Many thanks! I need to find the time to complete part 1 (only one article missing, and I already wrote half of it).

Regarding point 1, that would require some change in xfixed_container, but that should not be that much. Basically adding a template parameter to the class (with a default argument for backward compatibility).

Regarding point 3, I think my previous answer (that I have edited) was not clear.
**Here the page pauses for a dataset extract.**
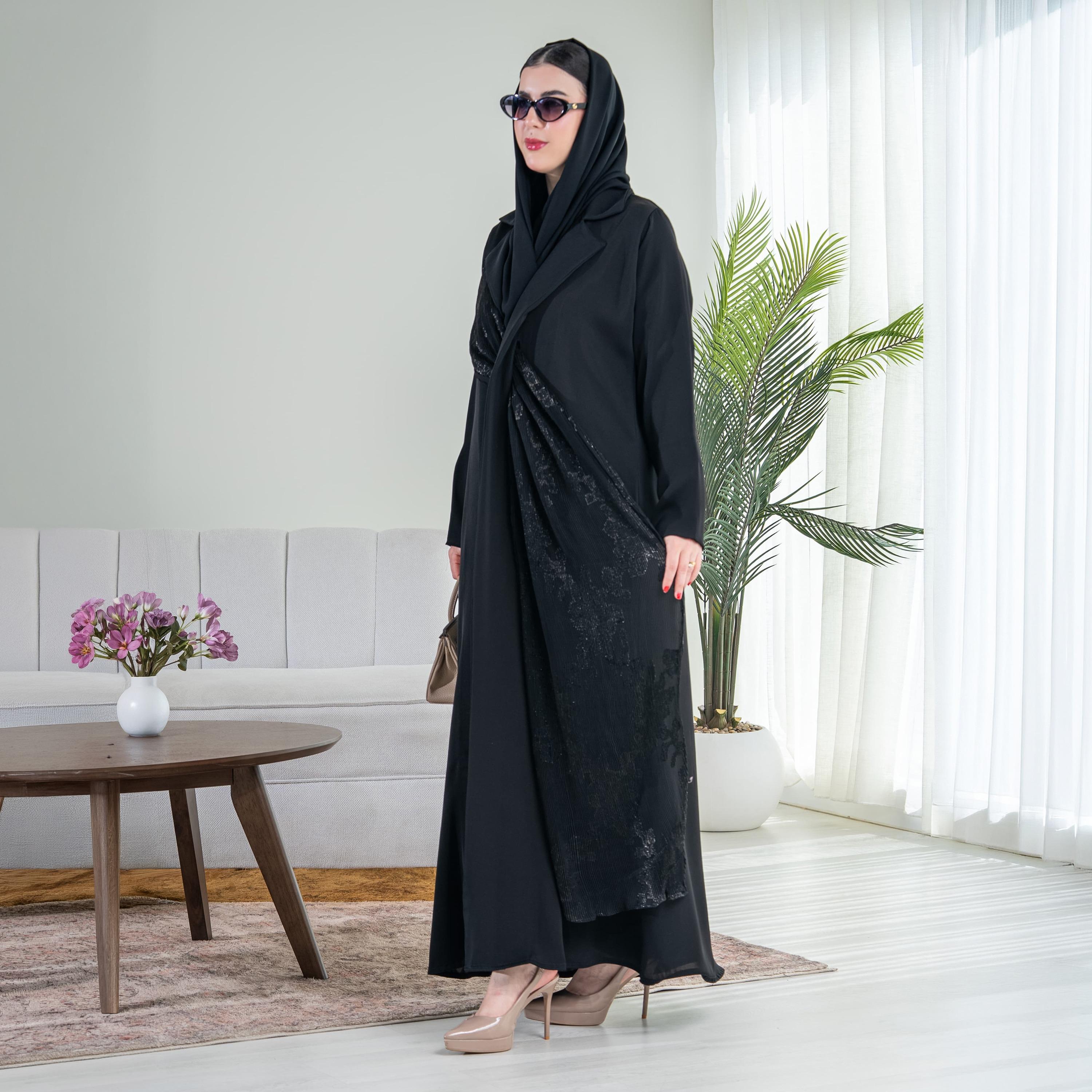Elegant Hijab Black Shimmer Drape Lapel Collar Crepe Women's Half Cloche Abaya with Hijab-women-arabicclothing-abayas-image-2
What I meant is I don't think we can simplify your code with the generators we provide for now, but I'm not 100% sure. I should use my own stuff more often ;)

[tdegeus]

Thanks a lot for this discussion. I agree that at the moment we are missing good benchmarks, and that that is something we should do in order to be on top op potential gains.

I just want to jump in on point 1. I thought that we already have what we want:

• xtensor: (fixed) compile-time allocated strides and shape.
• xtensor_fixed: (fixed) compile-time allocated data on the stack.

(and of course xarray having everything dynamic). So I'm not entirely sure which case is missing between the two?

[JohanMabille]

The computation of the shape and the strides of xtensor_fixed is done at compile time, while that of xtensor is done at runtime.

[tdegeus]

Ah right, you had the computation in mind, not the allocation

[masteranza]

@JohanMabille, @tdegeus will you find some time to implement dynamic storage for xfixed_container anytime soon? Beside me needing it, it would also be very interesting to see the updated benchmarks.

[tdegeus]

I would happily review a PR. However, I don't have time to do it myself soon, sorry.